The plane, which is on its farewell tour of Britain, spent four hours at the airports before heading back to Heathrow. Airport officials estimate that 10,000 people gathered at each of the airports to see the plane at special visitor viewing points as well as on verges and lay-bys near the airports.
In Birmingham, before landing, the crowd cheered excitedly when the air traffic controllers offered to route Concorde, commanded by Les Brodie, over the airport at 2500ft and this was agreed to by the crew. The aircraft then flew over the city centre before circling into landing to be met by civic and business leaders from Birmingham and Solihull.
The dignitaries toured the aircraft and met the crew before she was refuelled and catered for the return flight which was commanded by pilot Andy Mills. On-board Concorde Alpha-Charlie were 66 competition winners, who were taken on a flight via the Bay of Biscay. Another 66 were on the return leg.
Alpha-Echo was on duty to carry out the same flight via the Bay of Biscay to Belfast, this time with Mike Bannister on the flight deck.
British Airways said it wanted as many people as possible to experience supersonic travel before Concorde retires on Friday.
Martin George, British Airways director of marketing, said: "This is the very last chance many people will have to see Concorde fly and we are delighted that it is visiting all the capital cities in England, Scotland, Northern Ireland and Wales."
"People on the ground can say their own personal goodbyes and, of course, those travelling as passengers on the last flights will have become part of history.''
Among those on board G-BOAE were a number of VIPs, corporate customers, invited guests, and the 20 Northern Ireland prizewinners in the British Airways Concorde competition.
All the airport tour stops have been congratulated by the public who turned out to wish Concorde farewell for their excellent organisation to ensure everyone got a good view of the aircraft. One Concorde regular commented that "it was a shame Heathrow airport had not taken a leaf out of Birmingham's book and make sure everyone was catered for, rather than turning people away and towing off their cars to the police pound."
This website will fully detail these flights soon on the BA tour page.
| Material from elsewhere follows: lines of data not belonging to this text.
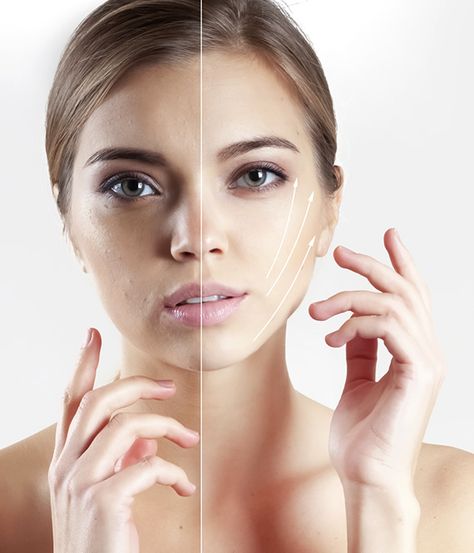 Sagging skin on face is not the end of the world - here's how you can help this situation without undergoing surgery. Sagging Skin Face, Saggy Face, Chin Wrinkles, Feminine Tips, Face Lift Exercises, Sagging Face, Face Lift Surgery, Infant Care, Heath Care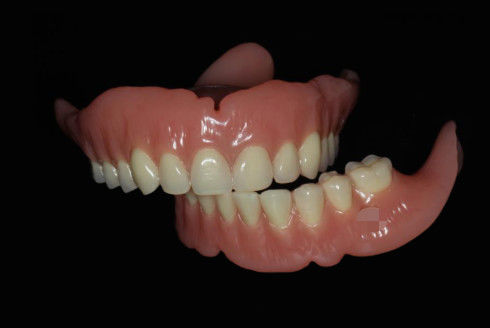 Dentures complètes amovibles numériques Dentures complètes en rose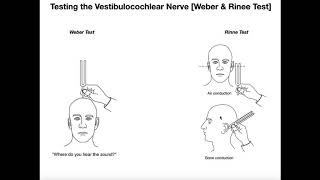 Interpreting the WeberRinne Tests EXPLAINED [upl. by Lebam]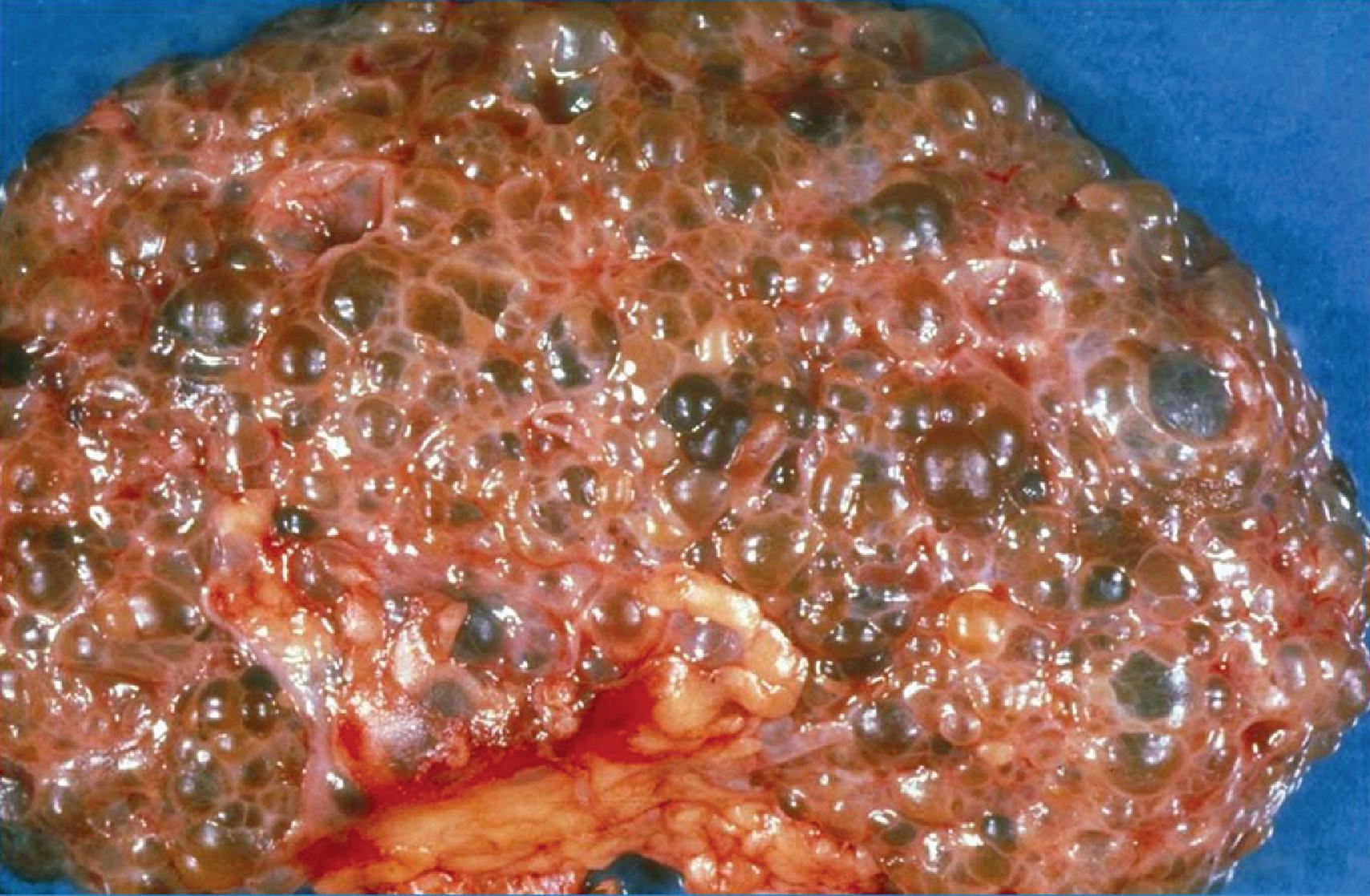 Fig. 39.2, Gross pathology of autosomal dominant polycystic kidney disease.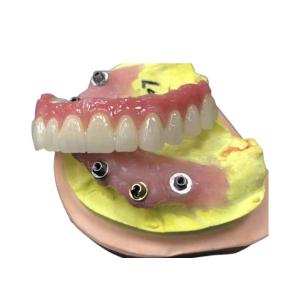 China Implant Abutment Zirconia Dental Crown Natural All On Four Dentures wholesale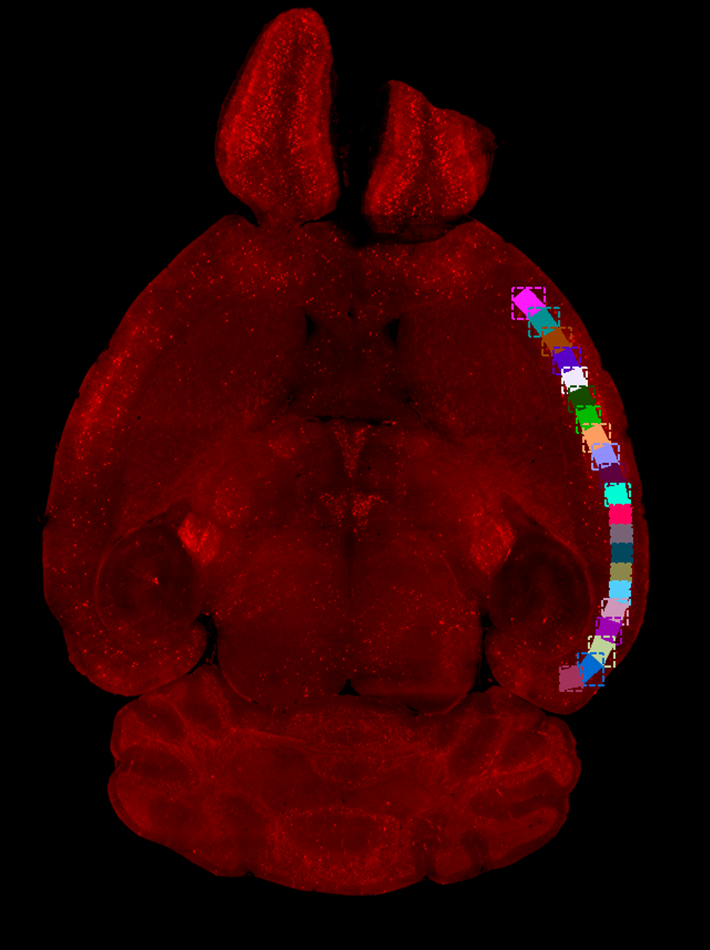 Red fluorescent brain section with a curved column of multicolored square markers along the right edge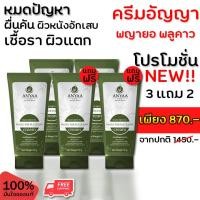 ราคา ครีมรักษาผิวหนัง ลดรอยแดง กลากเกลื้อน ผิวหนังอักเสบ รักษาโรคผิวหนัง น้ำเหลืองไม่ดีคัน ลดอักเสบ ครีมอัญญา (3 แถม 2) (17792635929)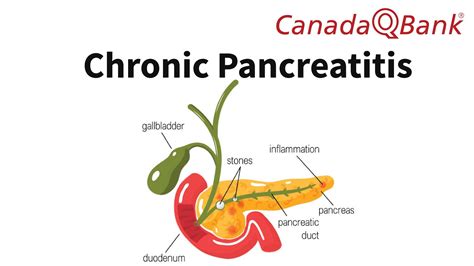 Chronic Pancreatitis Youtube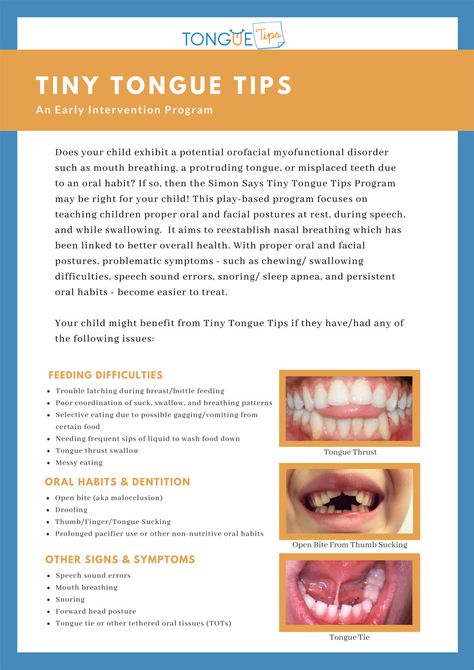 Tiny-Tongue-Tips-Pamphlet-(1) Orofacial Myofunctional Therapy, Tongue Thrust, Myofunctional Therapy, Muscles Of The Face, Feeding Therapy, Speech Articulation, Speak Easy, Oral Motor, Articulation Therapy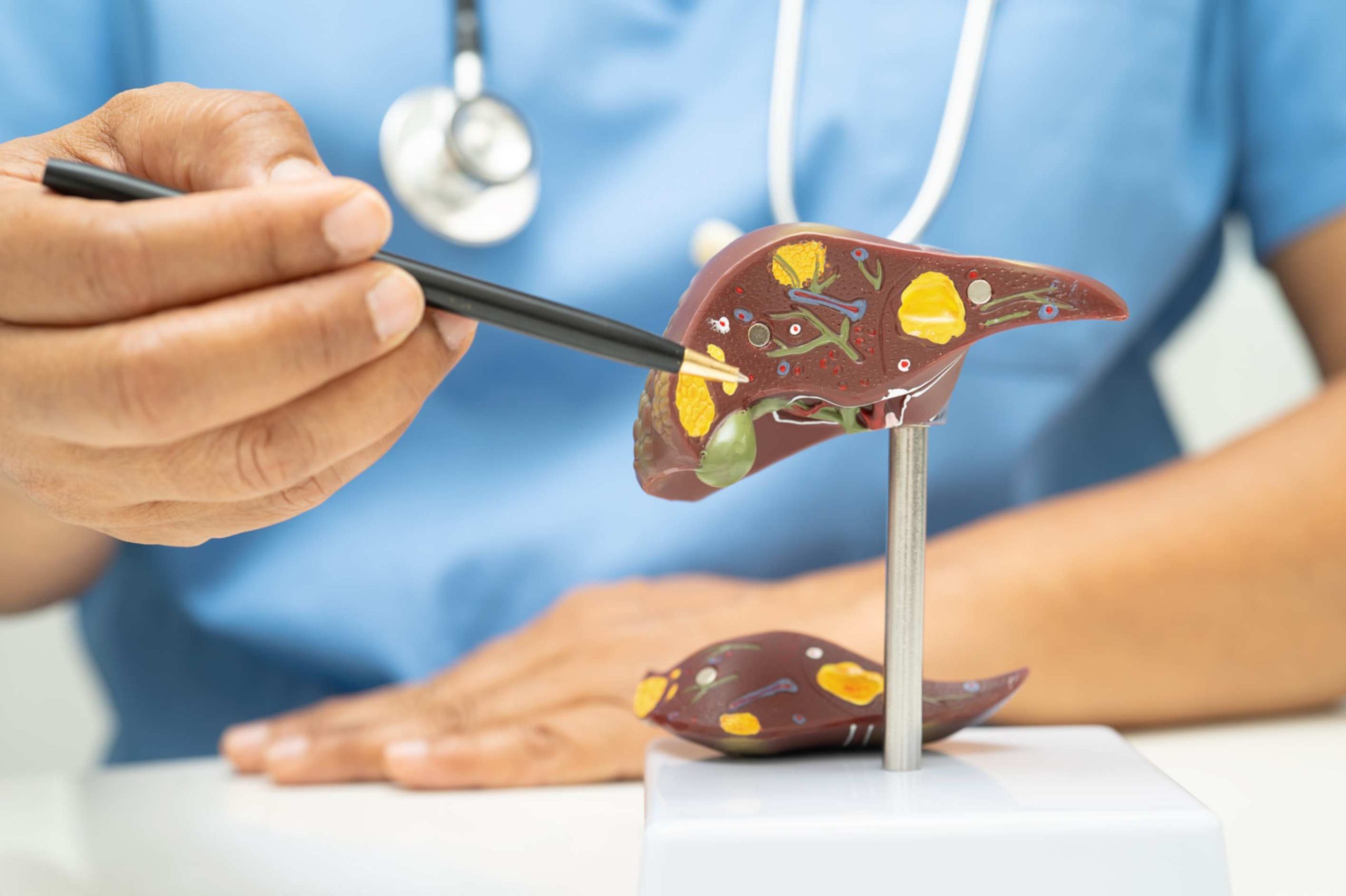 5 Lifestyle Habits that Can Lead to Liver Damaging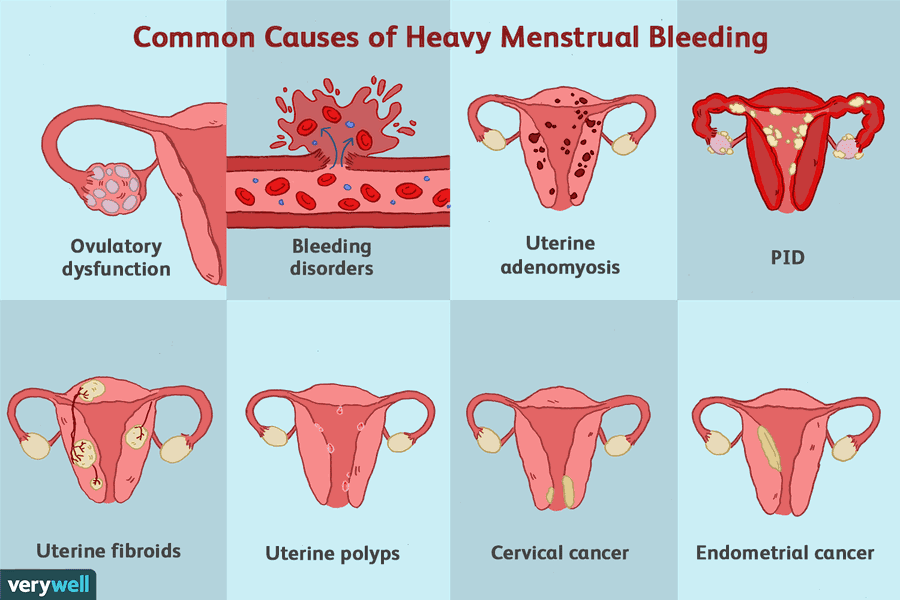 Heavy Menstrual Bleeding (menorrhagia) Causes, Symptoms, Diagnosis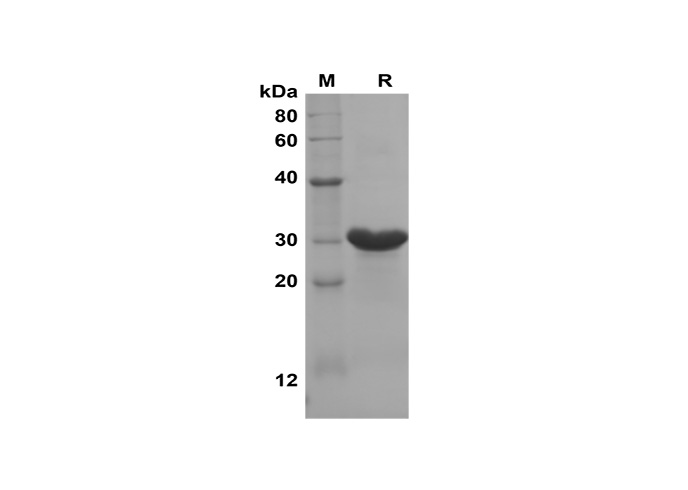 Recombinant Human TGF beta 1 Protein(His Tag)-产品推荐-2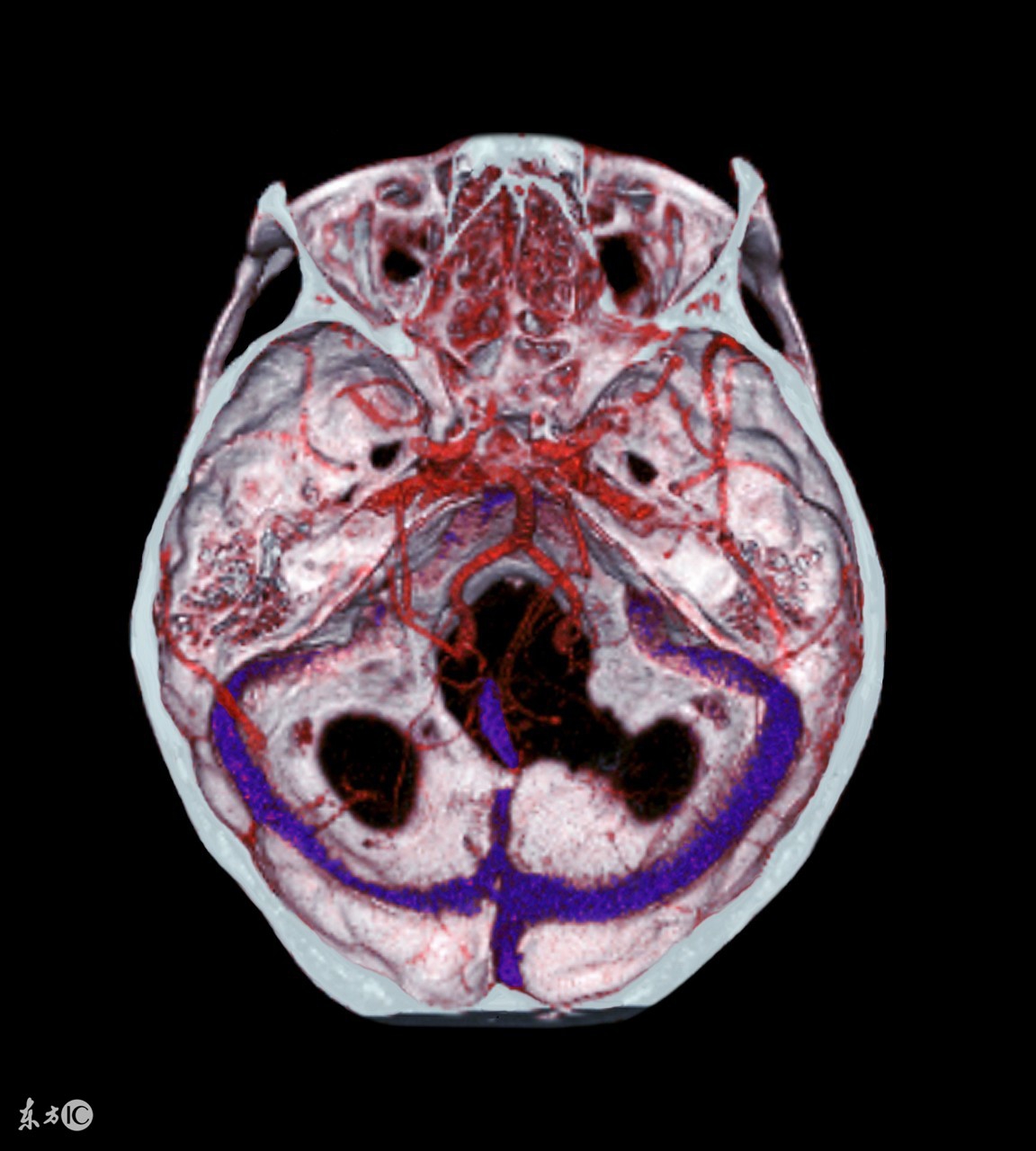 颅内静脉窦血栓形成怎么治疗,颅内静脉窦血栓怎么治疗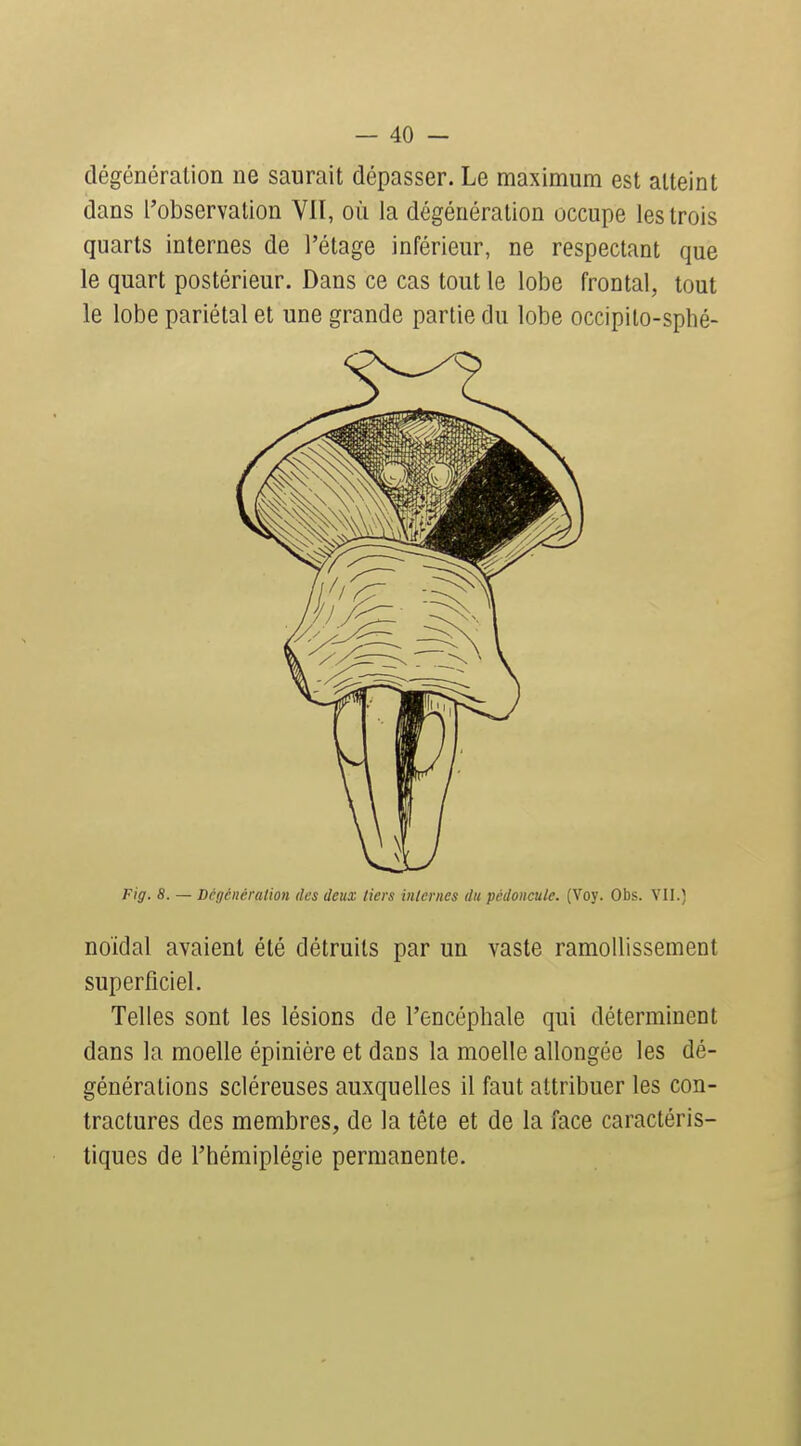 dégénération ne saurait dépasser. Le maximum est atteint dans l'observation VU, où la dégénération occupe les trois quarts internes de l'étage inférieur, ne respectant que le quart postérieur. Dans ce cas tout le lobe frontal, tout le lobe pariétal et une grande partie du lobe occipito-sphé- Fig. 8. — Dégénération des deux tiers internes du pédoncule. (Voy. Obs. VU.) noïdal avaient été détruits par un vaste ramollissement superficiel. Telles sont les lésions de l'encéphale qui déterminent dans la moelle épinière et dans la moelle allongée les dé- générations scléreuses auxquelles il faut attribuer les con- tractures des membres, de la tête et de la face caractéris- tiques de l'hémiplégie permanente.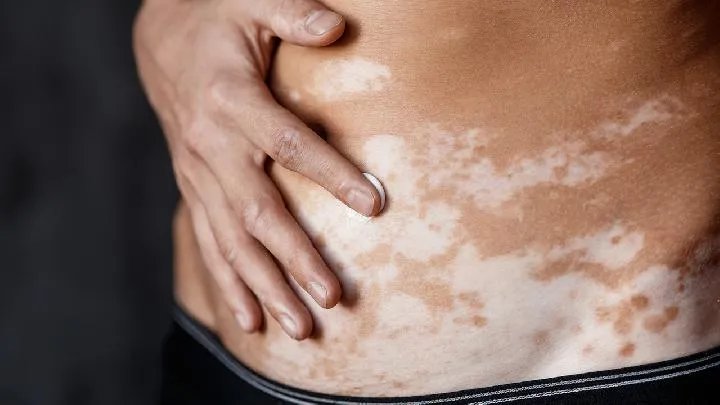 一般情况下患上白癜风传染么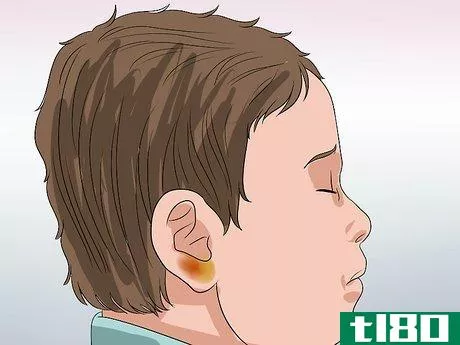Image titled Know if You Have Otitis Media Step 12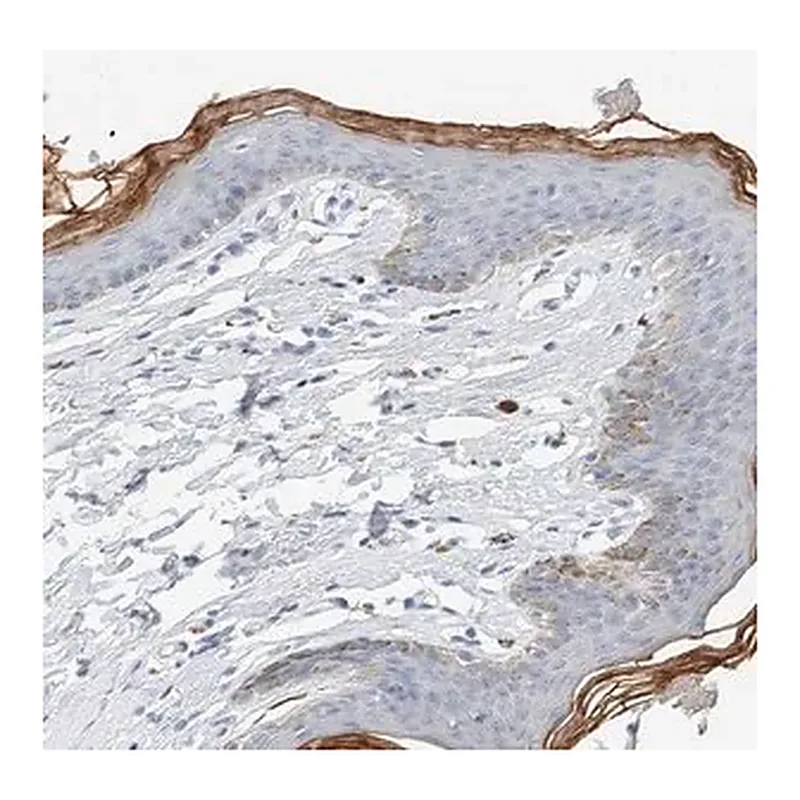 Merck Anti-ALOX12B antibody produced in rabbit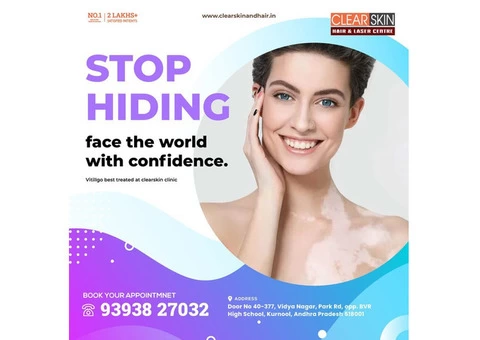 Treatment for Freckles in kurnool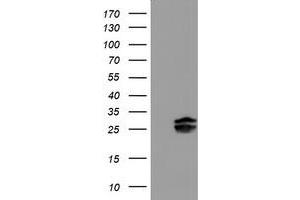 Western Blotting (WB) image for anti-Pallidin Homolog (PLDN) antibody (ABIN1500264) (Pallidin 抗体)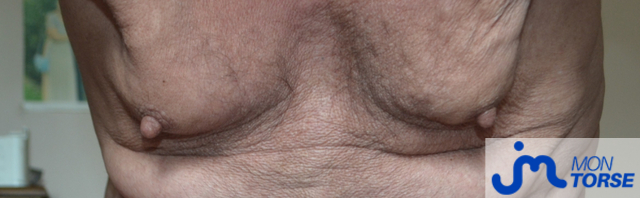 torses de Am&eacute;d&eacute;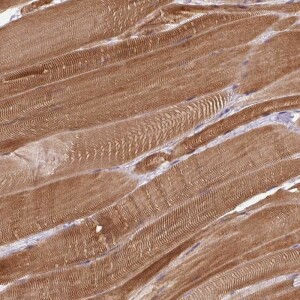 Anti-FAM65C, IgG, Rabbit, Polyclonal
As the farewell tour passed the halfway point, British Airways has again been forced to postpone its long-awaited announcement on the final homes for its Concorde fleet, after initially telling the media it would announce them this week, possibly on the 23rd or 24th.
The delay is understood to be caused by an ongoing legal wrangle with potential sites that will see the aircraft maintained by the museum, but owned by BA.
BA is still refusing to officially confirm any details surrounding the retirement plan for its fleet of seven Concordes.
Richard Goodfellow, a BA spokesman, said: "We have always wanted to announce all seven homes together - and that is still our intention. There are some complex legal issues involved with this, and therefore it is likely that the announcement will be made some time next week rather than this week as we had previously said."
It had been expected that Filton - where Concorde was designed, built and tested - would be named as one of the museum locations tomorrow or on Friday. However, that will now not happen until next week at the earliest, which could mean the date for its arrival at the north Bristol aerodrome could be pushed further towards the end of November.
But it is known that this latest setback has led to Airbus having to put on hold a number of plans it had in place for a high-profile celebration to mark the plane's homecoming.